Let $w$ and $w'\in W$ be two vectors. Then we have: ${\begin{aligned}&g(w+w')\\[0.3em]&{\color {OliveGreen}\left\downarrow \ \operatorname {g} {\text{ is the inverse of }}\operatorname {f} \right.}\\[0.3em]=\,&g(f(g(w))+f(g(w')))\\[0.3em]&{\color {OliveGreen}\left\downarrow \ \operatorname {f} {\text{ is linear }}\right.}\\[0.3em]=\,&g(f(g(w)+g(w'))\\[0.3em]&{\color {OliveGreen}\left\downarrow \ \operatorname {g} {\text{ is the inverse of }}\operatorname {f} \right.}\\[0.3em]=\,&g(w)+g(w').\end{aligned}}$

Thus the inverse function is additive.

Proof step: $g$ Is homogeneous.

Let $w\in W$ be a vector and $\lambda \in K$ is a scalar. Then we have that ${\begin{aligned}&g(\lambda \cdot w)\\[0.3em]&{\color {OliveGreen}\left\downarrow \ \operatorname {g} {\text{ is the inverse of }}\operatorname {f} \right.}\\[0.3em]=\,&g(\lambda \cdot f(g(w)))\\[0.3em]&{\color {OliveGreen}\left\downarrow \ \operatorname {f} {\text{ is linear }}\right.}\\[0.3em]=\,&g(f(\lambda \cdot g(w)))\\[0.3em]&{\color {OliveGreen}\left\downarrow \ \operatorname {g} {\text{ is the inverse of }}\operatorname {f} \right.}\\[0.3em]=\,&\lambda \cdot g(w).\end{aligned}}$

Thus the inverse function is homogeneous.

Thus have shown that the inverse $g$ is also linear.

Classifying Isomorphic Structures

Bijections of Bases Generate an Isomorphism

In the alternative derivation , we used the intuition that an isomorphism is a linear map that "preserves bases". This means that bases are sent to bases and linear combinations are preserved. So, describing it a bit more formally, we considered the following:

We already know the following: If $f\colon V\to W$ is a linear map between two vector spaces and $f$ is an isomorphism, then $f$ maps bases of $V$ to bases of $W$ .

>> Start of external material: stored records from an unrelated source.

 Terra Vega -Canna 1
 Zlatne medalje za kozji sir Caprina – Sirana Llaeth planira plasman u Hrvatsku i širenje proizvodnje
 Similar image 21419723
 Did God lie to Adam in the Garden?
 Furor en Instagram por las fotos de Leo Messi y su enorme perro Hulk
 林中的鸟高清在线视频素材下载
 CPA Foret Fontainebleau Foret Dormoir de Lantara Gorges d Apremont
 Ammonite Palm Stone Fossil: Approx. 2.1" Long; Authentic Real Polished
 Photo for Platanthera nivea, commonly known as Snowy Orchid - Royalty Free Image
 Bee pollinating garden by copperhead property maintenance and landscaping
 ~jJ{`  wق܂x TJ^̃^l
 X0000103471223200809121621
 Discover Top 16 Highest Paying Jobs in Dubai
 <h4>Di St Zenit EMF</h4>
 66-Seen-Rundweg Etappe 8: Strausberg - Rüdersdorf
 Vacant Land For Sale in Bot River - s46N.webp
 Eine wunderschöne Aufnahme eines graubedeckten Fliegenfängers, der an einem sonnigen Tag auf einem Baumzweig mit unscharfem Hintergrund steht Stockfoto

But we don't know yet whether a linear map that sends a basis to a basis, is already an isomorphism. This statement indeed turns out to be true.

Theorem

Let $K$ be a field, $V,W$ two $K$ -vector spaces, $B_{V}$ a basis of $V$ and $f:V\to W$ a linear map.

Then $f$ is an isomorphism if and only if $B_{V}$ is mapped by $f$ to a basis of $W$ .

Proof

Proof step: $\implies$

Let $f$ be an isomorphism. Then $f$ is by definition both a monomorphism and an epimorphism.

We want to show that $f$ preserves bases. That is, the image of $B_{V}$ under $f$ is a linearly independent generator of $W$ .

Proof step: $f(B_{V})$ is linearly independent

We know from the article on monomorphisms that those preserve linear independence. The set $B_{V}$ is a basis and thus linearly independent. So its image under $f$ is also linearly independent.

Proof step: $f(B_{V})$ is a generator of $W$

We know from the article on epimorphisms that those preserve generators . The set $B_{V}$ is a basis and hence a generator of $V$ . So its image under $f$ is a generator of $W$ .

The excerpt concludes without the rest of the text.